# What to work on:
As an exercise in exact copying, transcribe the lines below from the one holding "31515 W Buchanan" through the last, with both ends included and pictures left out.

(Collection entries)
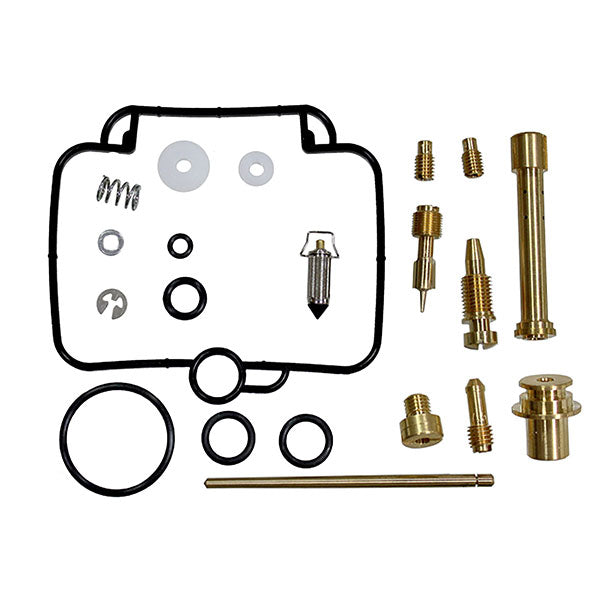 PSYCHIC CARBURETOR REBUILD KIT (XU-07362)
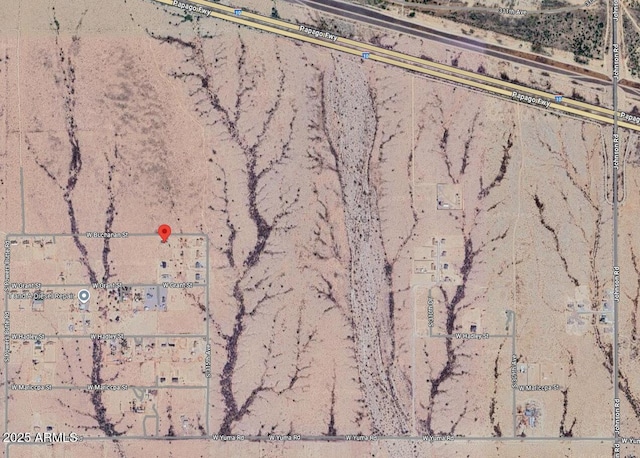 31515 W Buchanan St, Buckeye, AZ 85326 - map / location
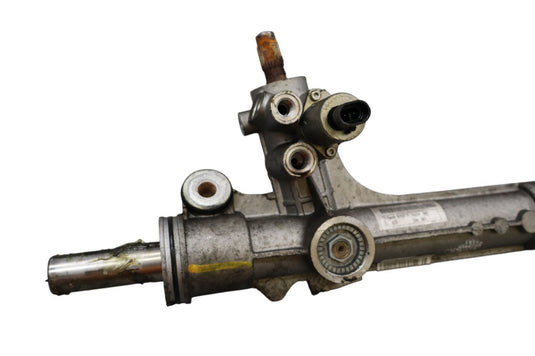 14-24 Maserati Quattroporte M156 Ghibli M157 Power Steering Rack Assembly Oem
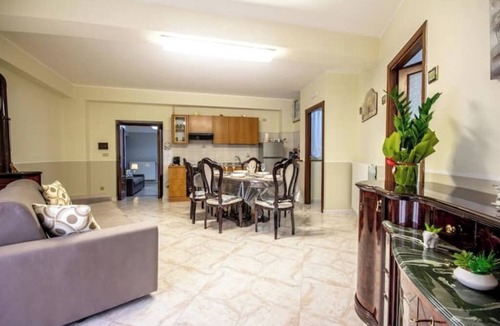 Rovittello House | Etna Sunshine Apartments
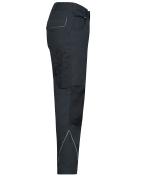 Unisex Workwear Pants - SOLID - Carbon 8718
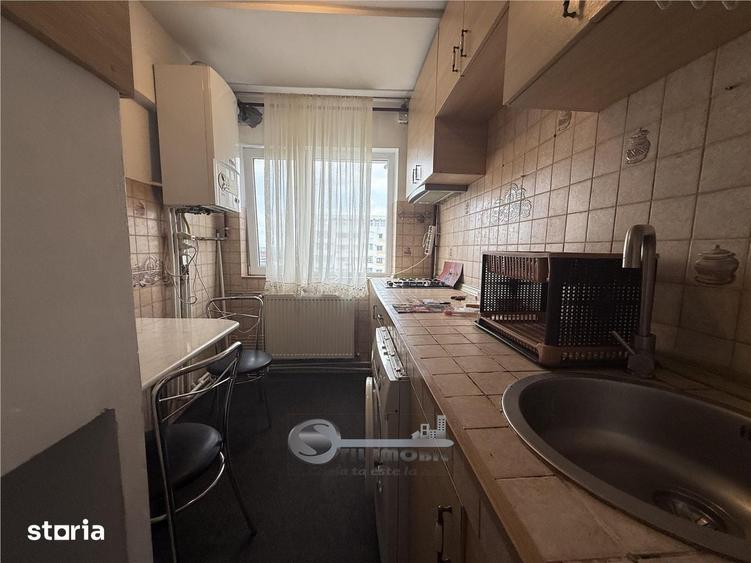 2 CAMERE PODU ROS BULEVARD BOSH - 17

# Task solution:
 31515 W Buchanan St, Buckeye, AZ 85326 - map / location
 14-24 Maserati Quattroporte M156 Ghibli M157 Power Steering Rack Assembly Oem
 Rovittello House | Etna Sunshine Apartments
 Unisex Workwear Pants - SOLID - Carbon 8718
 2 CAMERE PODU ROS BULEVARD BOSH - 17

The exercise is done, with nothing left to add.